Exploratory Data Analysis

The first step in an analysis project is to explore the data. John W. Tukey1 established the area of exploratory data analysis over 50 years ago. It is a useful way to assess data cleanliness and to detect anomalies. Exploring the data will also facilitate the detection of patterns and relationships.2 This activity is done before data modeling and hypothesis testing. In fact, a good understanding of the data from this exploration will help to organize and develop effective and meaningful models.

Data Types

Variables in a model can be categorized into four types (often called data types): nominal, ordinal, interval, and ratio. The first two, nominal and ordinal, are often called categorical data and are frequently text data types. Nominal values are usually labels that differentiate one from another but do not have a natural order or ranking, such as gender, zip codes, and product IDs. The categories of a nominal value are mutually exclusive, and the only descriptive statistics we can calculate are counts and the mode. Ordinal values imply an order or sequence or ranking, such as academic grades, earthquake magnitudes, and scales like low-medium-high. The two descriptive statistics we can calculate for ordinal values are the mode and the median.

The third and fourth data types are numeric and can be used in calculations. For interval values the order and the difference between the values is meaningful, such as temperature, SAT scores, calendar dates, and latitudes, but they have no true zero value. The descriptive statistics we can calculate for interval values are the mean, median, mode, and standard deviation. A ratio value is similar to an interval but also includes a clear definition of zero and the notion that the ratio of two values has a meaningful interpretation. Some ratio examples are height, weight, length, pulse, and age. A person cannot have a negative height or age. The descriptive statistics we can calculate for ratio values are the mean, median, mode, standard deviation, ratio of largest value to smallest value, and many others.

It is very important to know the data types of your data to ensure you use appropriate methods and can interpret the results. For example, the mean and standard deviation of a list of zip codes are not meaningful. In analytics, we often simplify data types to two kinds: categorical and numeric. Nominal and ordinal are considered categorical data types, and internal and ratio are considered numeric data types. In statistics, these two data types are also sometimes called qualitative and quantitative.
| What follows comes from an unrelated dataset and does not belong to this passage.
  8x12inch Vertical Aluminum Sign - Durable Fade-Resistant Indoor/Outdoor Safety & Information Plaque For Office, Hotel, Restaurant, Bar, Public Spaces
Figure 10.1 describes several characteristics of the different data types. As can be seen, the categorical variables do not support numeric calculations, but do allow the mode and median to be determined. The numeric variables also support the calculation of the mean and measurements between values.
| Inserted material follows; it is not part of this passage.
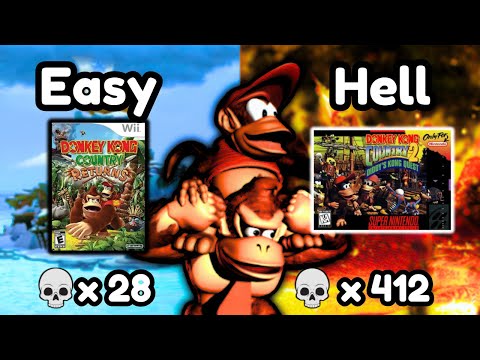 Which Donkey Kong Country Game is the Hardest?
Figure 10.1: Characteristics of Data Types

The difference between interval and ratio can be seen in the pH scale, which is interval and not ratio. A pH of 3 is not twice as acidic as a pH of 6. The range of pH values is shown in Figure 10.2.

Figure 10.2: Range of pH Values

Data of a higher data type can be converted to a lower data type. For example, the ratio data type Age can be converted to an ordinal data type {Infant, Adolescent, Adult, Senior}. That is why it is a best practice to collect data in as high or most detailed form as possible, usually ratio or interval.
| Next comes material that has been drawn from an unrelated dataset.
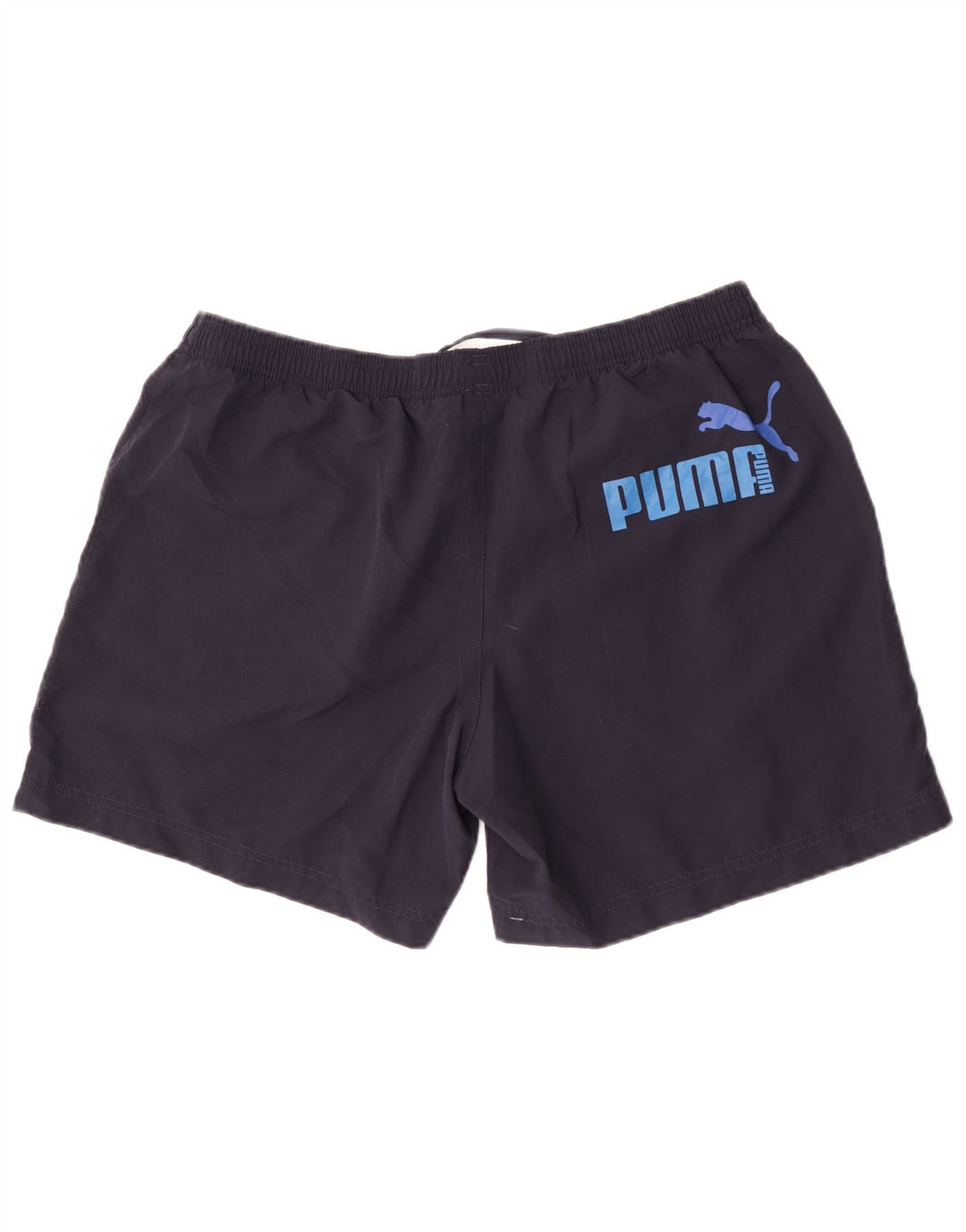 Shorts esportivos gráficos masculinos Puma XL azul marinho poliéster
Measures of Central Tendency

Measures of Location

A measure of central tendency is a single value that attempts to describe the central position of a set of data. The measure that we are most familiar with is the mean, often called the average. There are several ways to think about the central position. The most common measures to summarize the location of central tendency are:

  • Mean — Sum of all values divided by the number of values (also called average), =average(range) or =average(number1, number2, …).

  • Median — The value such that one-half of the data lies above and below (also called 50th percentile), =median(range) or median(number1, number2, …).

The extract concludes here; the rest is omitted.